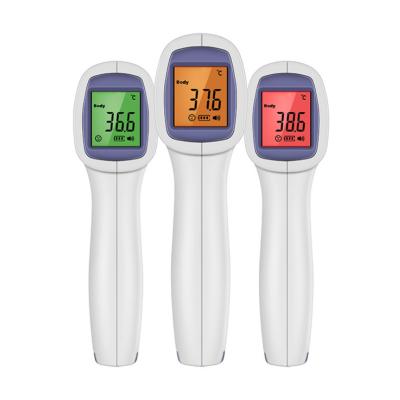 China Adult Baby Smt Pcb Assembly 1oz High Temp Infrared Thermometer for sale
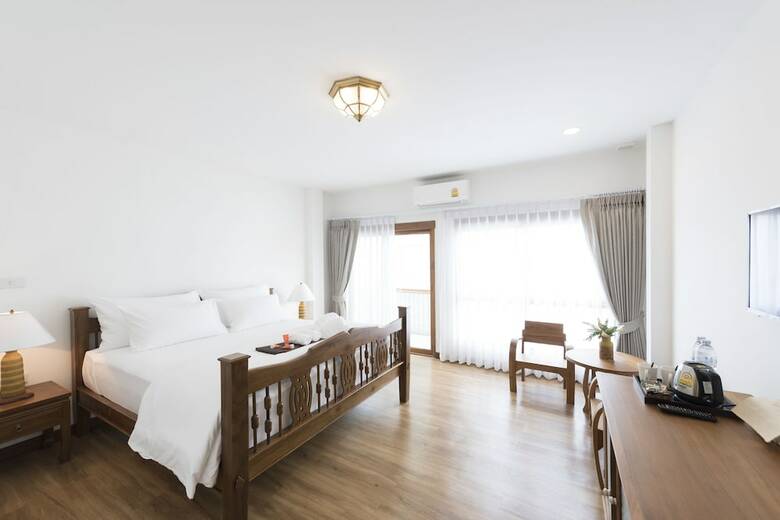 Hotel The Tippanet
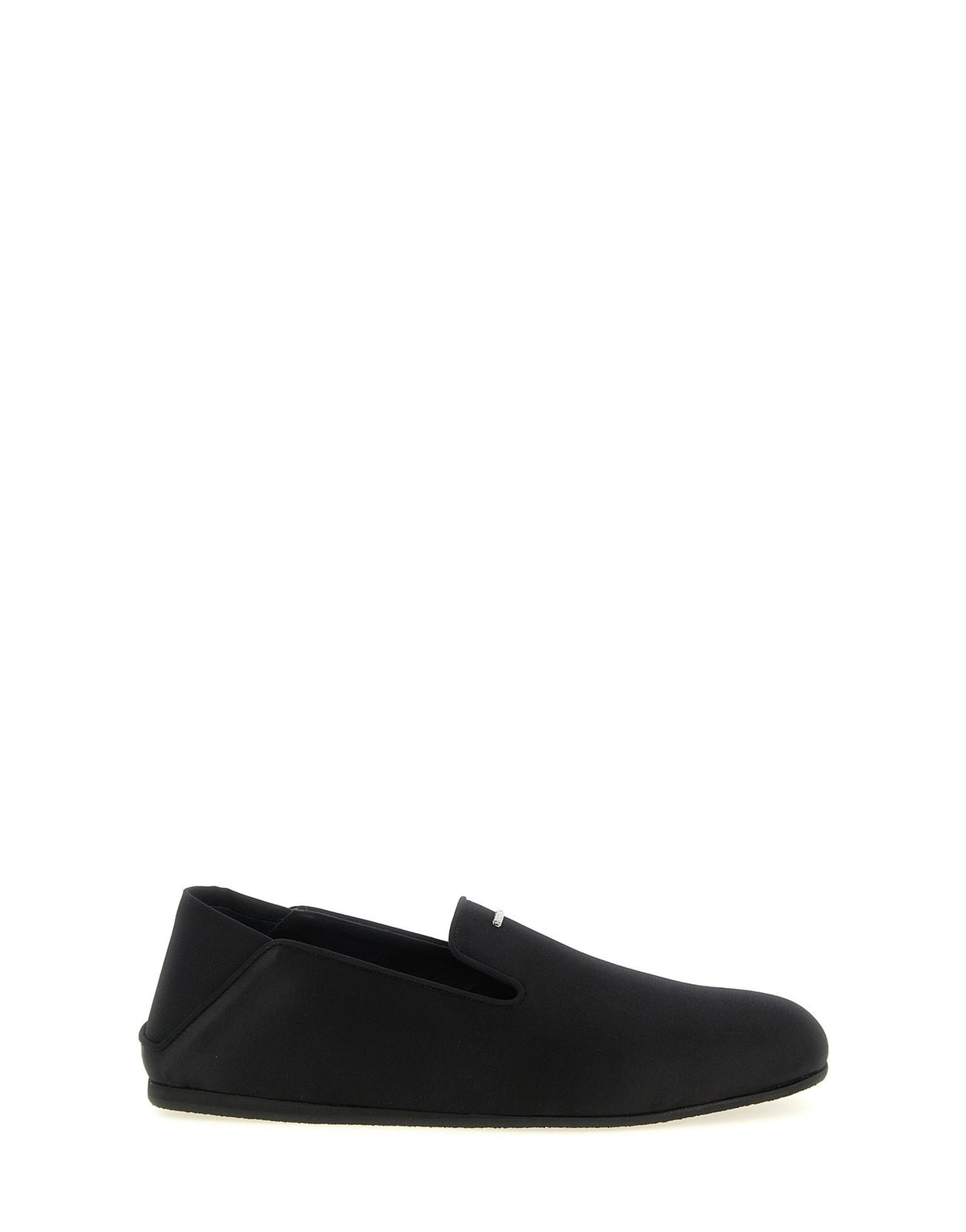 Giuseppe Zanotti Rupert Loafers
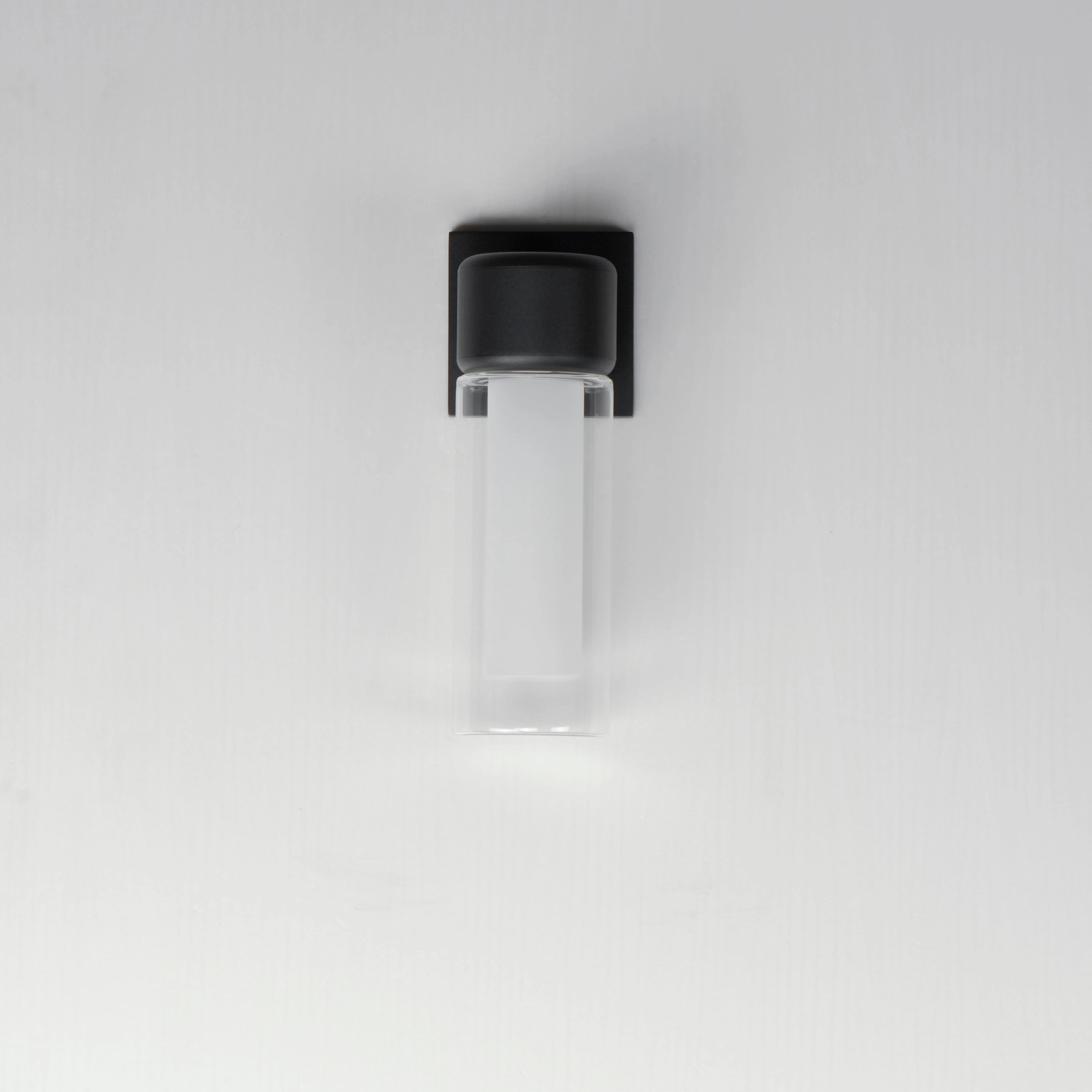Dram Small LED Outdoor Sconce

----

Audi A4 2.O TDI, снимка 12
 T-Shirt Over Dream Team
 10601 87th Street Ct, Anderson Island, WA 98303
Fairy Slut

----

The output is the stretch above from the line with "China Adult Baby" through the line with "Dram Small LED Outdoor Sconce", copied word for word with both ends kept and every picture dropped.

■ **Response below**:
 China Adult Baby Smt Pcb Assembly 1oz High Temp Infrared Thermometer for sale
 Hotel The Tippanet
 Giuseppe Zanotti Rupert Loafers
Dram Small LED Outdoor Sconce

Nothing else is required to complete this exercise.